Former Left Party member of the Bundestag (federal parliament) Diether Dehm, a Wagenknecht supporter, even appeared on Saturday at a Querdenker (“lateral thinkers”) demonstration against the Munich security conference. The main speaker at the rally, which was also attended by numerous AfD members, was former CDU Bundestag member Jürgen Todenhöfer, who is also one of the first signatories of the Wagenknecht-Schwarzer petition.

The claim that an anti-war movement is only “credible” if it welcomes generals, right-wing bourgeois politicians and members of the fascist AfD into its ranks is absurd and reactionary. With people who trivialize Hitler’s war of extermination and the Holocaust as so much bird shit, along with fascists and militarists, one builds not an anti-war movement but a pro-war movement.

That is why the petition does not say a word about the revival of German militarism and the biggest rearmament offensive since the Third Reich. It condemns Russia’s brutal invasion of Ukraine, but not NATO’s criminal policy of waging a proxy war against Russia on the backs of the Ukrainian people.

The petition is not a call to fight war and nationalism, but an appeal to the chancellor to consistently protect “German” interests.

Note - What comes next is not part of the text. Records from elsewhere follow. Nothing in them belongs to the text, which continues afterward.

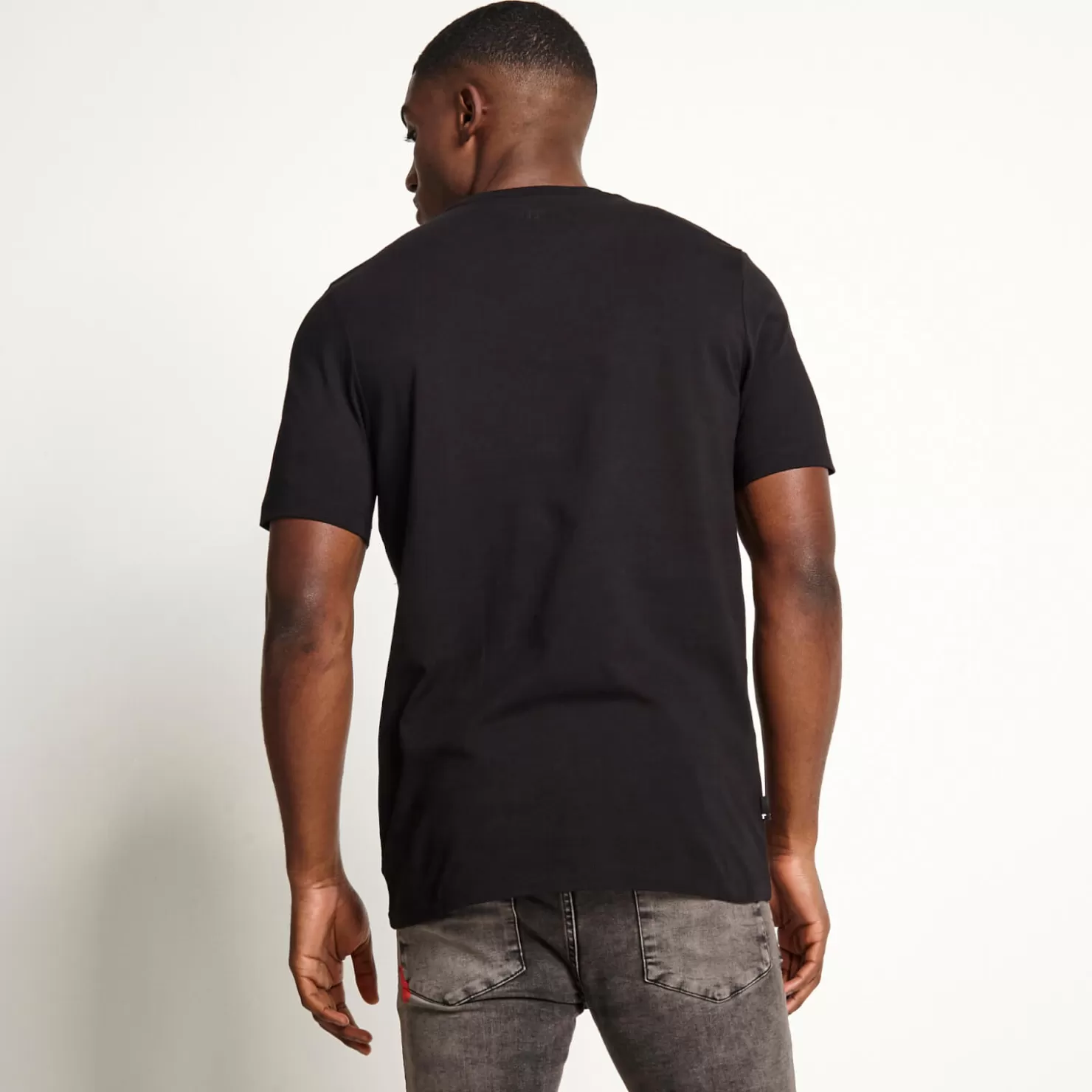 11 Degrees T-Shirts<Chenille Applique Short Sleeve T-Shirt - Black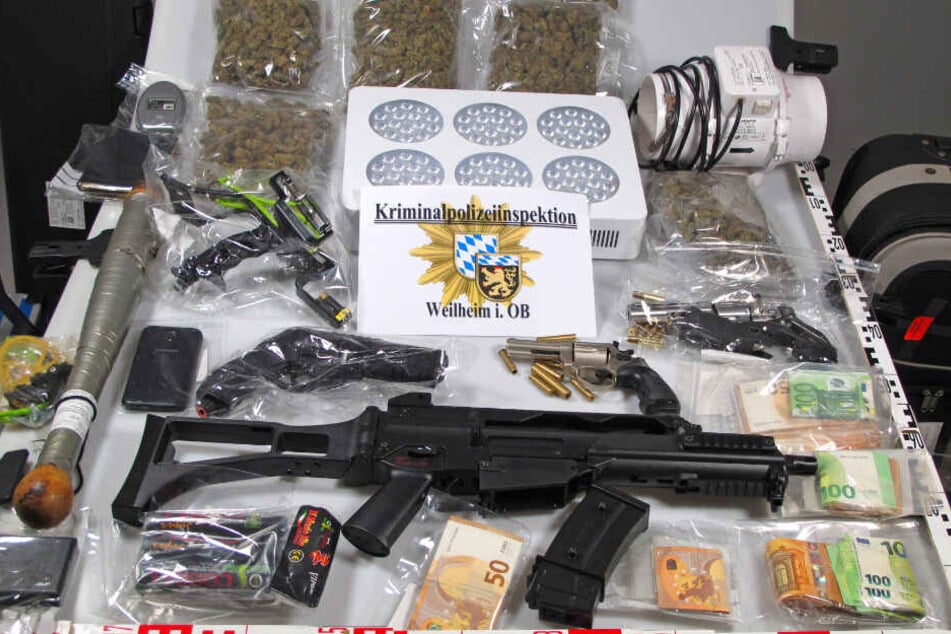 Das Bild zeigt die sichergestellten Gegenstände, die bei der Wohnungsdurchsuchung des 61-Jährigen gefunden wurden.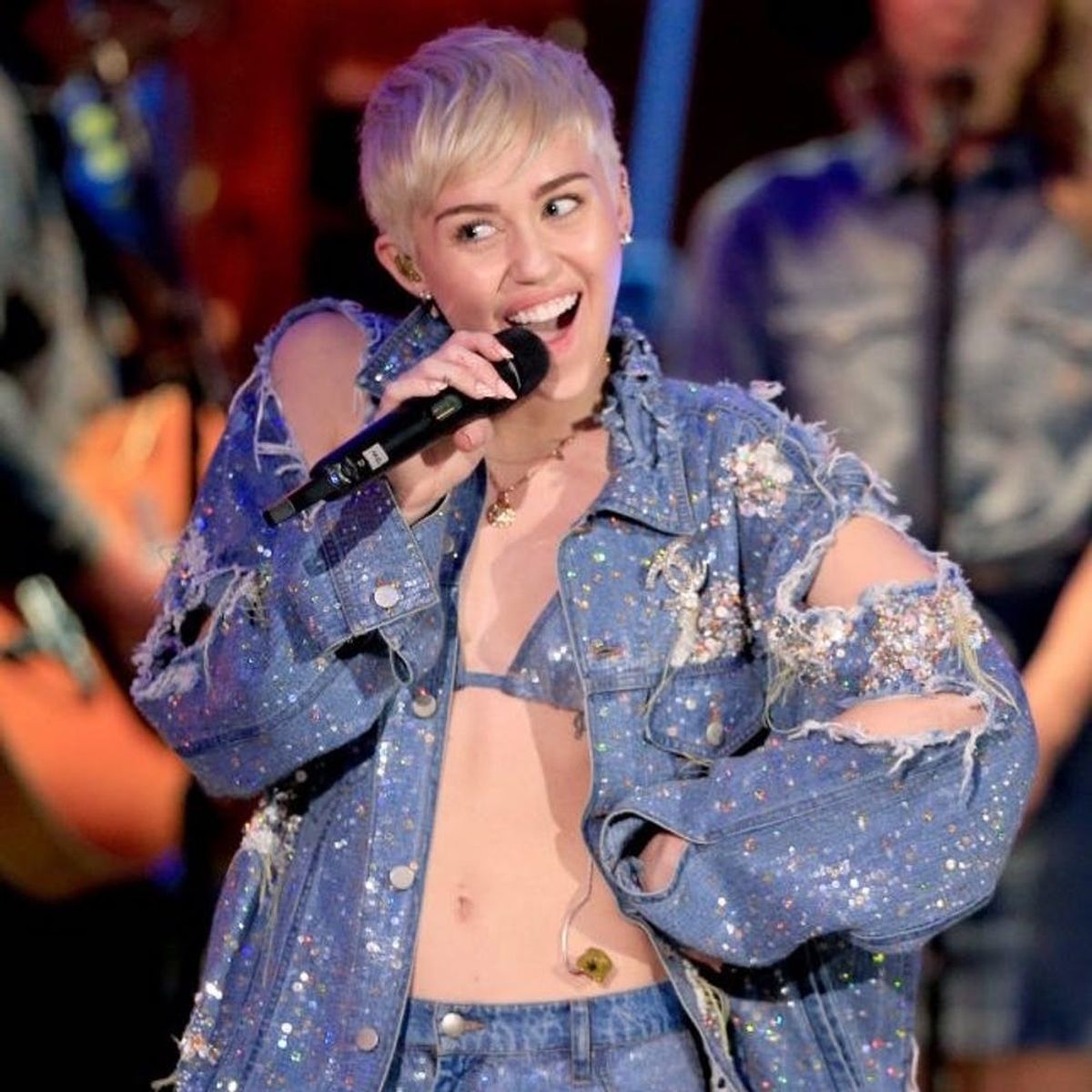 11 Times Miley Cyrus DGAF What You Thought About Her Style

It reads: “But we can and must hold our government and the chancellor to account and remind him of his oath: ‘To avert harm to the German people.’”

The “people” in Germany, as in all capitalist countries, are divided into irreconcilable and antagonistic social classes. Scholz defends—both at home and abroad—the social, economic and geopolitical interests of German capital, which is once again confronted with the same global contradictions it had sought to resolve through two world wars and the Nazi dictatorship.

A serious struggle against war must therefore also be directed against its root: capitalism. It must reject every form of nationalism and militarism and rely on the only social force that can prevent a catastrophe: the international working class, which is now on the move everywhere and rising up against wage theft and war.

In accordance with Karl Liebknecht’s motto “The main enemy is at home,” it is necessary to denounce the warmongers in the chancellery, the defence and foreign ministries, who have been preparing the war for years with the expansion of NATO, the coup in Kiev in 2014 and the systematic armament of the Ukrainian army.

The Sozialistische Gleichheitspartei (SGP) stands for this perspective of international socialism as the German section of the Fourth International. Wagenknecht’s initiative is diametrically opposed to this and ultimately serves only to demoralize and suppress a mass movement of workers. That is why it collaborates with the worst opponents of the working class.

Those who really want to fight against war must join the campaign of the SGP and its youth organization, the International Youth and Students for Social Equality (IYSSE), to build a mass movement against the war in Ukraine. The call for this states:

We must turn out to the factories and workplaces, where workers are struggling against inequality and exploitation. They are the great power capable of overthrowing capitalism and forging a way forward for humanity. The IYSSE does not only seek the support of workers in the struggle against war. We recognize that the defeat of imperialism depends upon the emergence of the working class, armed with a socialist program, as the leading and decisive revolutionary force in the fight against the world capitalist system.